-- Your instructions --
Below are the records; copy exactly the stretch from the line containing "Montessori toy abacus" through the line containing "Woman knife axe", both ends included, and nothing else.

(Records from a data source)
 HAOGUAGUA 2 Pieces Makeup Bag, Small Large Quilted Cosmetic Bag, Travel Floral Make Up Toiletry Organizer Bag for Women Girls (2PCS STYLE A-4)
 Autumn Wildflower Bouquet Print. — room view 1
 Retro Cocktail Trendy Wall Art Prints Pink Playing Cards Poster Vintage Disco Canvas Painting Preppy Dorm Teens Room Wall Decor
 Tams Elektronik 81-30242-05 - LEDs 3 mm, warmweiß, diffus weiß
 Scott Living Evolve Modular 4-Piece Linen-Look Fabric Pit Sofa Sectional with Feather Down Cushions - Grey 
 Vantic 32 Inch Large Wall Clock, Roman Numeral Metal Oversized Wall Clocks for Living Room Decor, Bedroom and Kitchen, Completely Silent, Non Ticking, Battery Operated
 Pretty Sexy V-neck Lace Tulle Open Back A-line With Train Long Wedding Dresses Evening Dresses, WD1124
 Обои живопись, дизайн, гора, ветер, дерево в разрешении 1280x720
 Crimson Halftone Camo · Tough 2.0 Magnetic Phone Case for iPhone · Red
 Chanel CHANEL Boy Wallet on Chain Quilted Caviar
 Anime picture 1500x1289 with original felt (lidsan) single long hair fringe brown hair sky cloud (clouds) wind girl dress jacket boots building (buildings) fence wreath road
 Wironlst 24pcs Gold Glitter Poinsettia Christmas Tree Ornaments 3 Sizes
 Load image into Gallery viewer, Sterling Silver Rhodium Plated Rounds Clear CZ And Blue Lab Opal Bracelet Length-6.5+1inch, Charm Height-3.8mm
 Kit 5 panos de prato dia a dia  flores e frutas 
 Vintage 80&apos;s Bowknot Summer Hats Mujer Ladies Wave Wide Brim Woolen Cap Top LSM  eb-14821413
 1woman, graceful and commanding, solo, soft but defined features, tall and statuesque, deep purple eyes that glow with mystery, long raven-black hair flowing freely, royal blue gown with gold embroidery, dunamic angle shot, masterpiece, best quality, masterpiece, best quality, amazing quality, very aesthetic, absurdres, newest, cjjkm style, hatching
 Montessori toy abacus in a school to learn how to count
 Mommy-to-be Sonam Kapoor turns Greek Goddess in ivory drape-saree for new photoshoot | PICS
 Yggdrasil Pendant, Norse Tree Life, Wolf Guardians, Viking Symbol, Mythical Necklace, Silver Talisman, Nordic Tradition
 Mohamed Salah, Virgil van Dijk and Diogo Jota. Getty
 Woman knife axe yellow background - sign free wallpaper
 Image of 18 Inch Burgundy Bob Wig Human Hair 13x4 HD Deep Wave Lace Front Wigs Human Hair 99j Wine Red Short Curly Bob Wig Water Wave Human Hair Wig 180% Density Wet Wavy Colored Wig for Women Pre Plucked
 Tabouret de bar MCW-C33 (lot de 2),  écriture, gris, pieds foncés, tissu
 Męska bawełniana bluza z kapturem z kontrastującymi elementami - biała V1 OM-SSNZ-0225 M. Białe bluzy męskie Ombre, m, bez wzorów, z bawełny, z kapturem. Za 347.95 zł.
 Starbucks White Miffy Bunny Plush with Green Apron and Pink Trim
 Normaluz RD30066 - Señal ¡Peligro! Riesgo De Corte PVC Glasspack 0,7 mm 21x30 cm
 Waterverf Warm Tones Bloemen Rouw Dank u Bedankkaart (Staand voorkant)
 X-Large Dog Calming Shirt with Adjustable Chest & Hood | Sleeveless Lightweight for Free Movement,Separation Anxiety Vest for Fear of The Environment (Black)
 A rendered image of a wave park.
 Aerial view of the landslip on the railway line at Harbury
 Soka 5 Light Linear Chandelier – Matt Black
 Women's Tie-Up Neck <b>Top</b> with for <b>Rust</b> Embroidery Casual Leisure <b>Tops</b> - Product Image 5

-- Solution --
 Montessori toy abacus in a school to learn how to count
 Mommy-to-be Sonam Kapoor turns Greek Goddess in ivory drape-saree for new photoshoot | PICS
 Yggdrasil Pendant, Norse Tree Life, Wolf Guardians, Viking Symbol, Mythical Necklace, Silver Talisman, Nordic Tradition
 Mohamed Salah, Virgil van Dijk and Diogo Jota. Getty
 Woman knife axe yellow background - sign free wallpaper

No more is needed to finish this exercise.